Ubuntu 15.04 ‘Vivid Vervet’
For a release called ‘Vivid’ the desktop wallpaper that debuted made an immediate impact by adopting an unexpectedly darker look.
Ubuntu 15.10 ‘Wily Werewolf’
The wallpaper for the Wily Werewolf retains the Suru design motifs but bumps the brightness. The result is a lighter overall appearance that uses angular blocks to offset the “corner” folds.
Ubuntu 16.04 LTS ‘Xenial Xerus’
The Ubuntu 16.04 LTS wallpaper was the brightest, lightest entry in a long time. It added more orange and faceted geometric sectioning to create a ‘web-like’ appearance.
Ubuntu 16.10 ‘Yakkety Yak’
The lighter, brighter theme continued in 16.10 with the inclusion of more orange. The angular geometry introduced in the previous design was increased, covering a more substantial portion of the desktop.
Ubuntu 17.04 ‘Zesty Zapus’
Virtually identical to the preceding wallpaper, the Ubuntu 17.04 default wallpaper retained the orange purple gradient but flipped the area of interest to the right.
Ubuntu 17.10 ‘Artful Aardvark’
The return of the mascot!
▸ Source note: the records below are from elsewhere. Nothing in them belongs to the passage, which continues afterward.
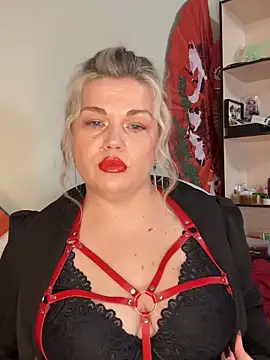 Nayvessa online show from November 15, 2025, 2:13 pm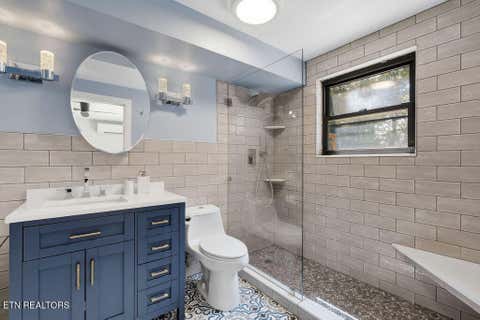 Tiny photo for 853 W Outer Drive, Oak Ridge, TN 37830 (MLS # 1349474)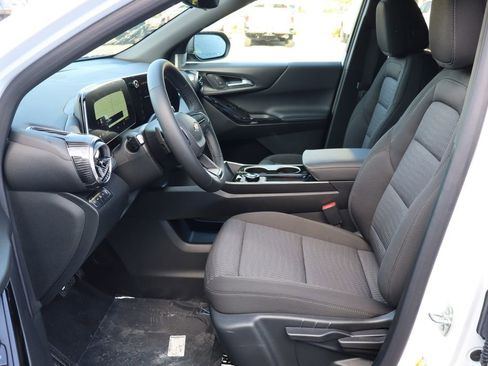 New 2026 Chevrolet Equinox LT w/ Safety and Technology Package AWD/4WD image 5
The Ubuntu 17.10 wallpaper was the first Ubuntu wallpaper to feature the codename animal since 2008. The aardvark — Ubuntu returned to the start of the alphabet for its codenames – was rendered from bisecting (I think that’d the right term) circles.
Ubuntu 18.04 LTS ‘Bionic Beaver’
The ‘Bionic Beaver’ background continued the renewed tradition with, well, a beaver once again (mostly) created using intersecting circles and arcs.
Ubuntu 18.10 ‘Cosmic Cuttlefish’
With Ubuntu 18.10 the wallpaper re-introduced a darker purple and orange gradient but continued to construct its central mascot motif from circles.
Ubuntu 19.04 ‘Disco Dingo’
Circles be gone!
Atop a deeper purple background, the Ubuntu 19.04 wallpaper depicted a diligently designed dingo donning headphones. What do you think he’s listening to? GNU-metal? 😉
Ubuntu 19.10 ‘Eoan Ermine’
The Ubuntu 19.10 wallpaper boasted a cute circular stoat motif atop a marginally orange-ier gradient than 19.04.
Ubuntu 20.04 LTS ‘Focal Fossa’
For the launch of its latest long-term support release, codenamed the ‘Focal Fossa’, Ubuntu’s design team added extra flair to the geometric animal head by including ‘focal lines’ — or as some saw it: a feline firing lasers!
Ubuntu 20.10 ‘Groovy Gorilla’
Ubuntu 20.10’s colourful codename was always going to result in a characterful mascot, and users got exactly that on their desktops – with the addition of some slick sunglasses!
Ubuntu 21.04 ‘Hirsute Hippo’
Ubuntu 21.04 had a hairy codename so Ubuntu’s designers took heed in interpretative illustration. But in an echo of the “coffee or ibex” optical illusion of 2007, not everyone saw a hippo in this design. Some saw a pair of hairy… Let’s just call them coconuts.
Ubuntu 21.10 ‘Impish Indri’
A symmetrical indri. What more could they do?
Ubuntu 22.04 LTS ‘Jammy Jellyfish’
Ubuntu 22.04 featured a geometric jellyfish as the centrepiece flanked by a new 3D protrusion on the right. This, to my eyes, adds a textural variance when compared to previous designed, and it heightens the overall look.
Ubuntu 22.10 ‘Kinetic Kudu’
A leaping kudu added dynamism to the default wallpaper that was reflective the codename – but not the release itslef (Ubuntu 22.10 was rather sedate).
Ubuntu 23.04 ‘Lunar Lobster’
A celestial rendition of a star-sign lobster against a night sky.
Ubuntu 23.10 ‘Mantic Minotaur’
The latest default wallpaper features an intricate maze, the walls of which make up the ‘minotaur’ mascot motif itself. Classically classy.